**Task to complete**:
Could you repeat, word for word, the line with "3618 Telegraph Ave #6 — Photo 4" and every line after it in the records below, leaving out any pictures?

**Recorded information**:
== == ==
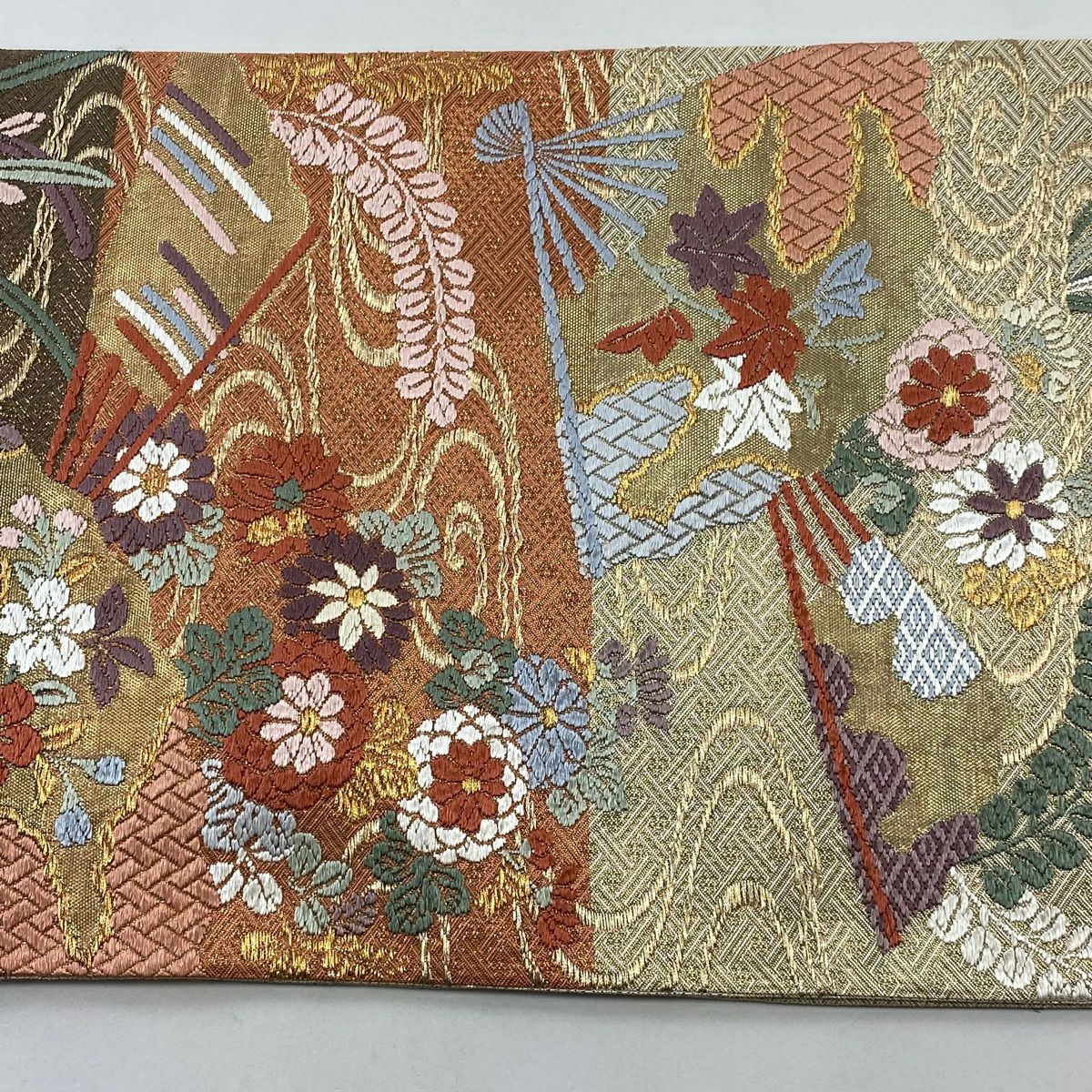 袋帶 秀品級 能扇子秋草紋 關西仕立 雜草 流水 金金箔 金絲 粉米色 六通 純蠶絲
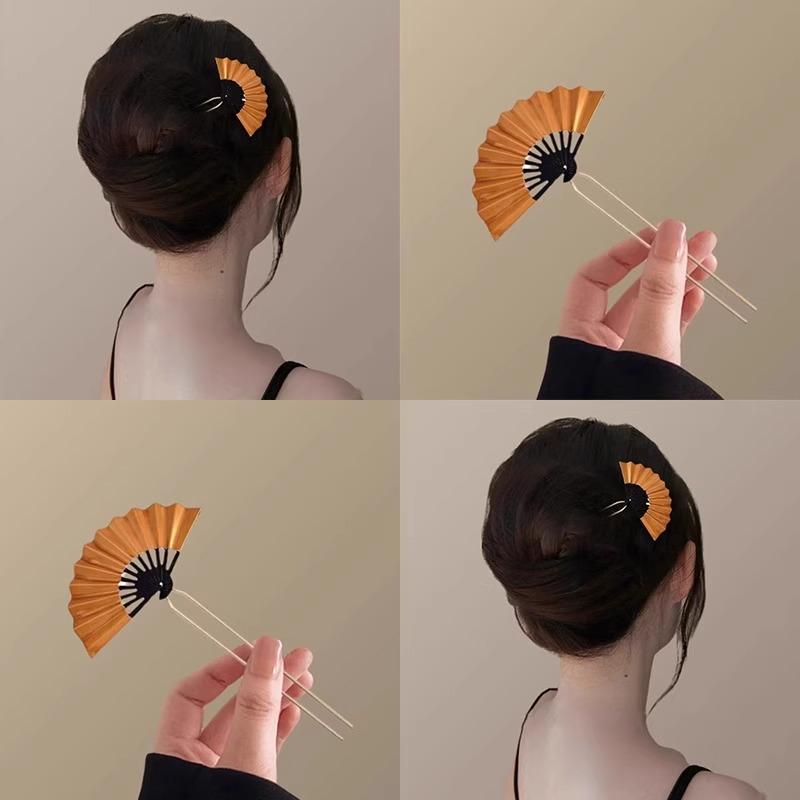 ・カテゴリ: ヘアアクセサリー・素材: 合金・スタイル: 中式、レトロ・デザイン: 幾何学的・加工技術: り・カラー: アンティークゴールド扇子・トレンド要素: 新中華風レトロゴールド扇子かんざし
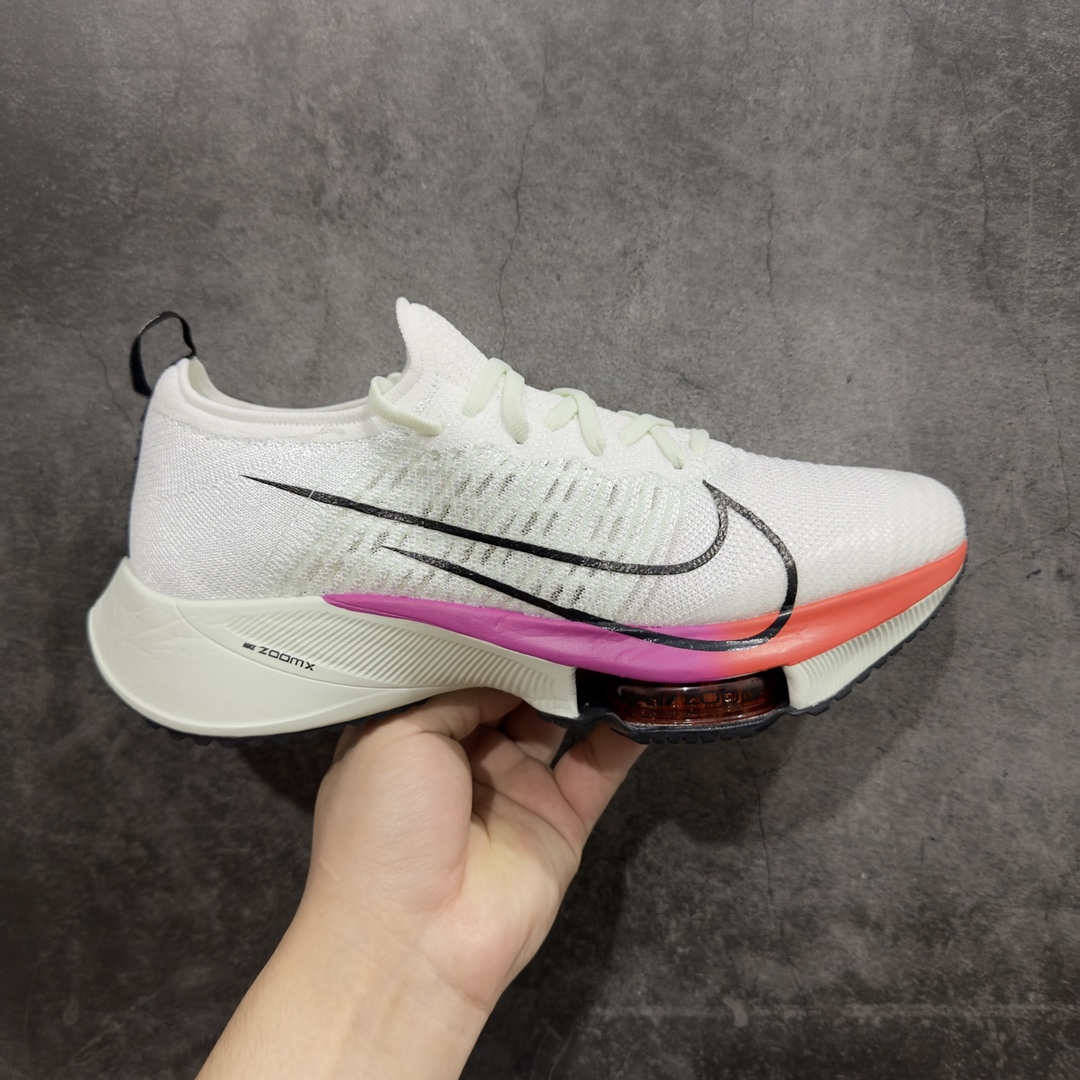 【公司级】NK Air Zoom Alphafly NEXT％破2代马拉松气垫轻量超跑竞速运动慢跑鞋 CI9923-100nn原档案菲林稿精准对版 德国进口机台针织半透明飞织带鱼丝原面材质 中底嵌入铲型真碳纤维面板充分激活气垫 前掌分离式Zoom气垫设计效果 增加ZoomX超轻缓震泡棉外底 助力运动员突破极限 后跟则采用React泡棉 相比Alphafly NEXT%更加舒适且耐用 更适合日常训练穿着 SIZE：36 36.5 37.5 38 38.5 39 40 40.5 41 42 42.5 43 44 44.5 45 编码：HH270290-鞋库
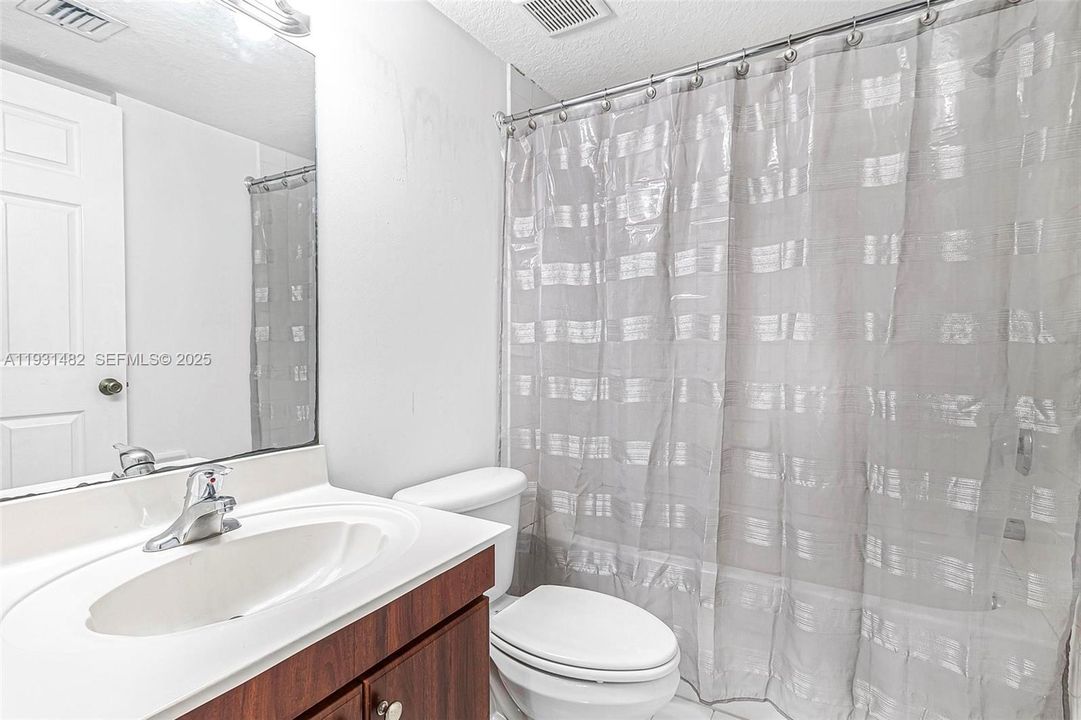 For Rent: $2,100 (2 beds, 2 baths, 817 Square Feet)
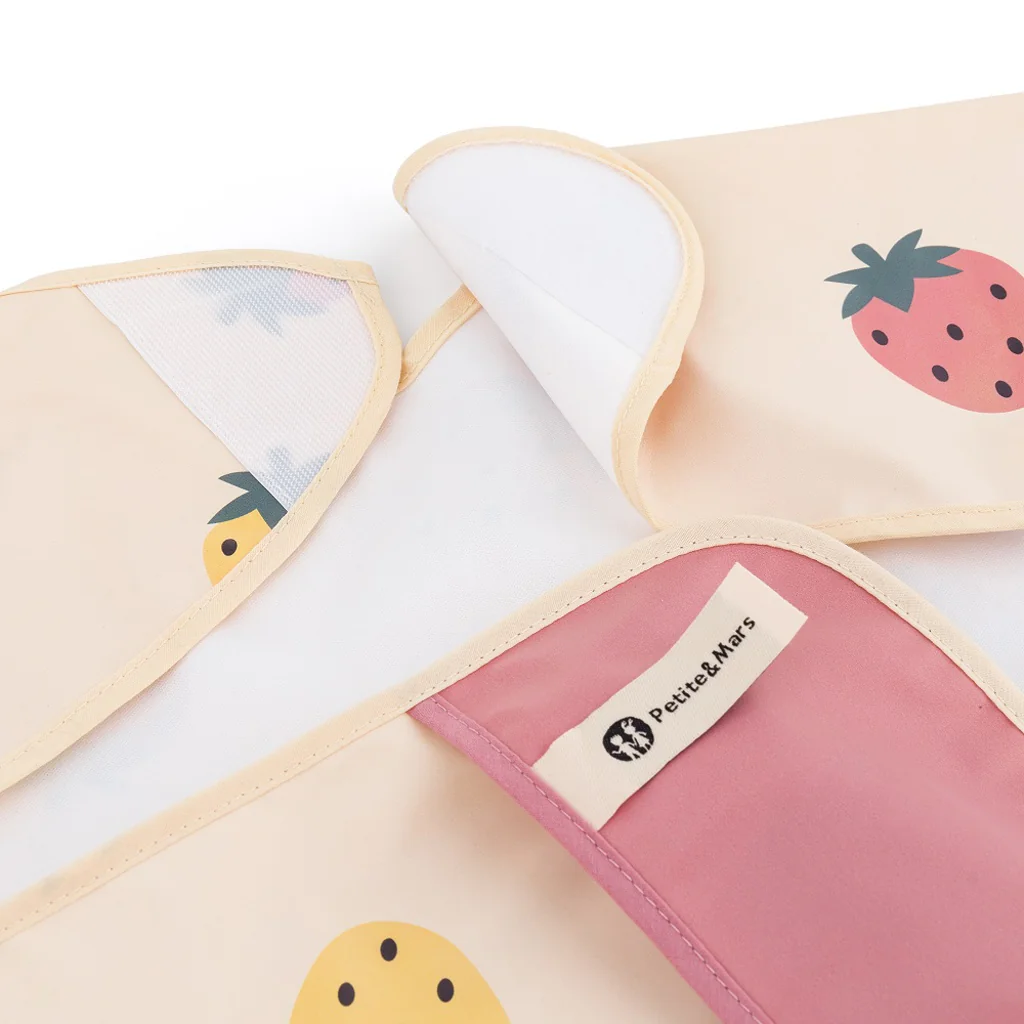PETITE&MARS Podbradník s dlhým rukávom Ben Beige Strawberies 1×1 ks, podbradník s dlhým rukávom
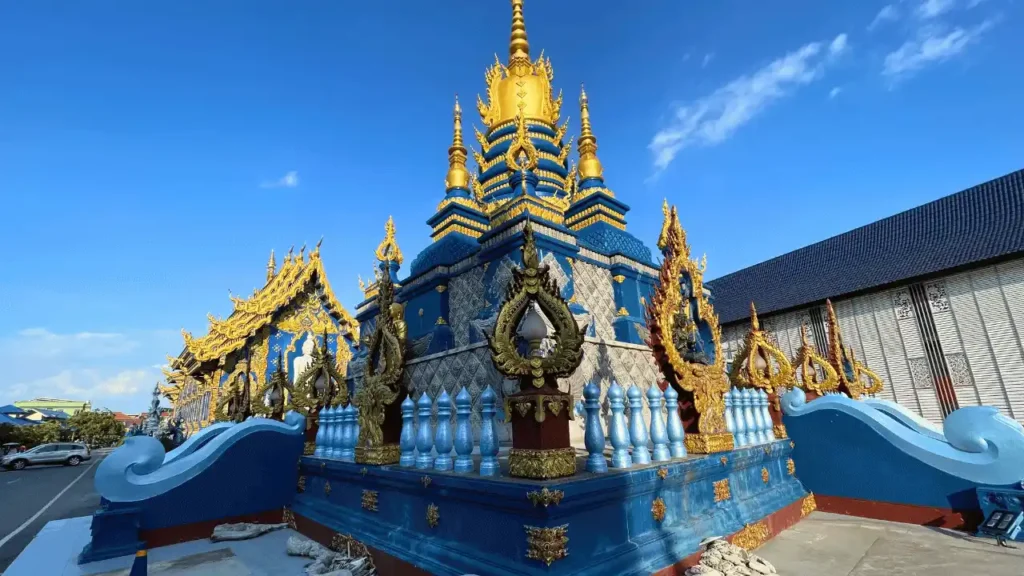 Wat Rong Seur Ten, also known as the Blue Temple, is a Buddhist temple in Chiang Rai, Thailand
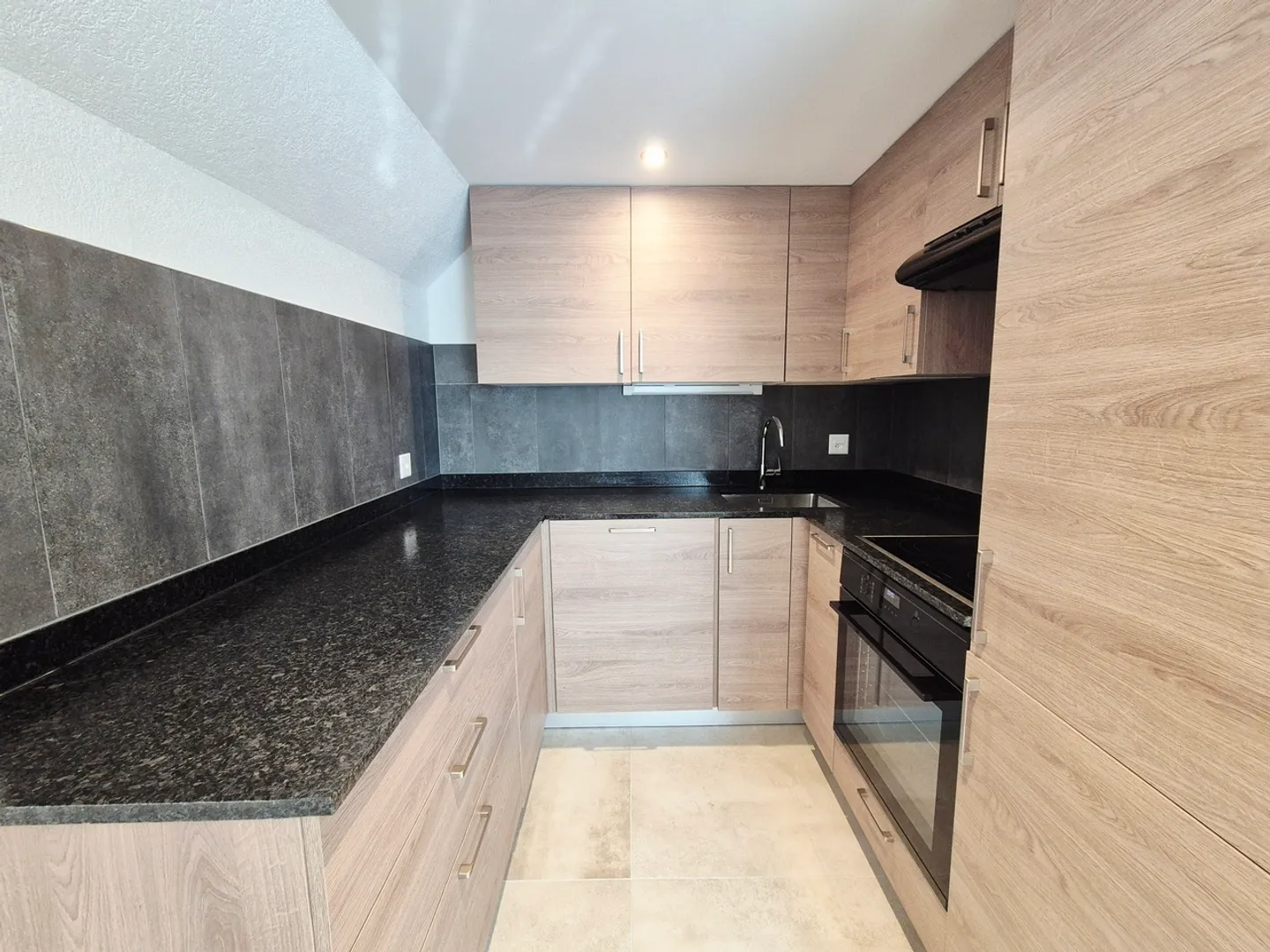 BROCFABRIQUE / 3,5-Zimmer-Duplex, 2026 renoviert - Foto 1 von 8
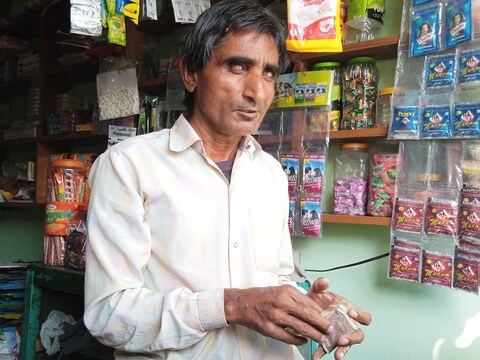 पैसे गिनते चूरू के दृष्टिहीन शंकरलाल.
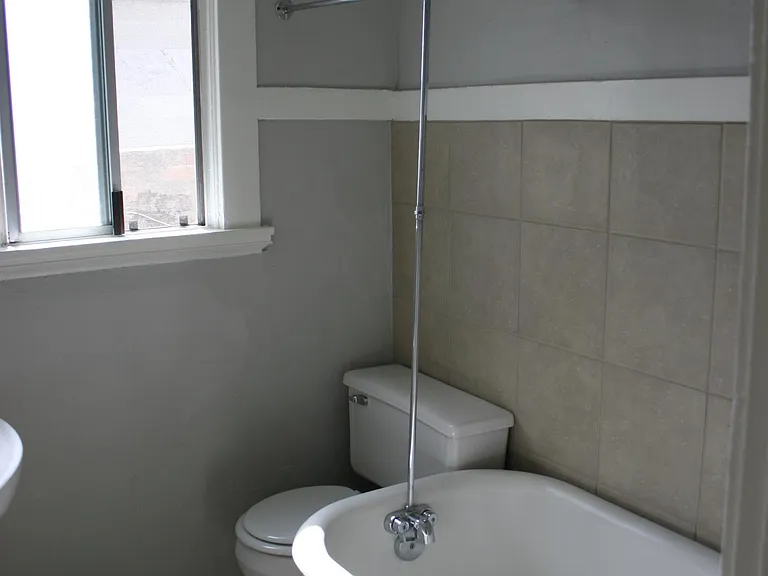 3618 Telegraph Ave #6 — Photo 4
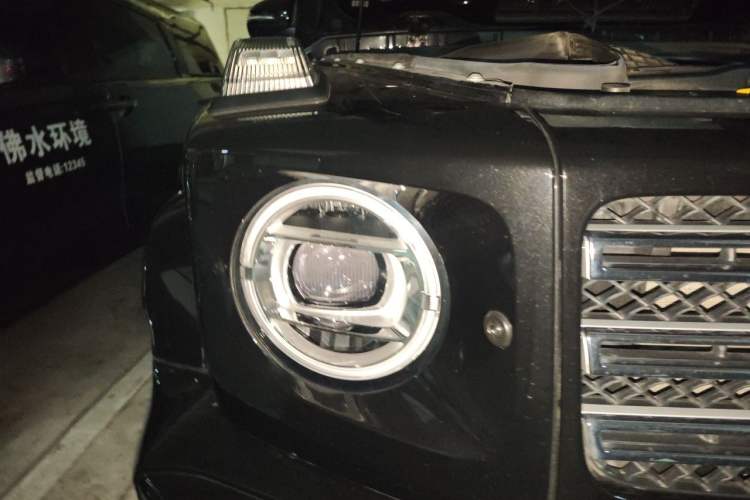 Used Mercedes-Benz G-Class 2023 G 500 Right Front Headlight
== == ==
**Answer to the exercise**:
 3618 Telegraph Ave #6 — Photo 4
 Used Mercedes-Benz G-Class 2023 G 500 Right Front Headlight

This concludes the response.